Supplied records START

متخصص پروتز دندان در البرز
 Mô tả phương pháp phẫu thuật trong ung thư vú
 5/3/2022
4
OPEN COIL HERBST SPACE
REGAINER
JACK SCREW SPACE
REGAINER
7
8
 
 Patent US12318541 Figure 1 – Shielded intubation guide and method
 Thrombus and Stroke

Supplied records END

__Instructions for the task__: Go through the entries and report every line with the string "SPACE".

__Answer to the exercise__:
OPEN COIL HERBST SPACE
JACK SCREW SPACE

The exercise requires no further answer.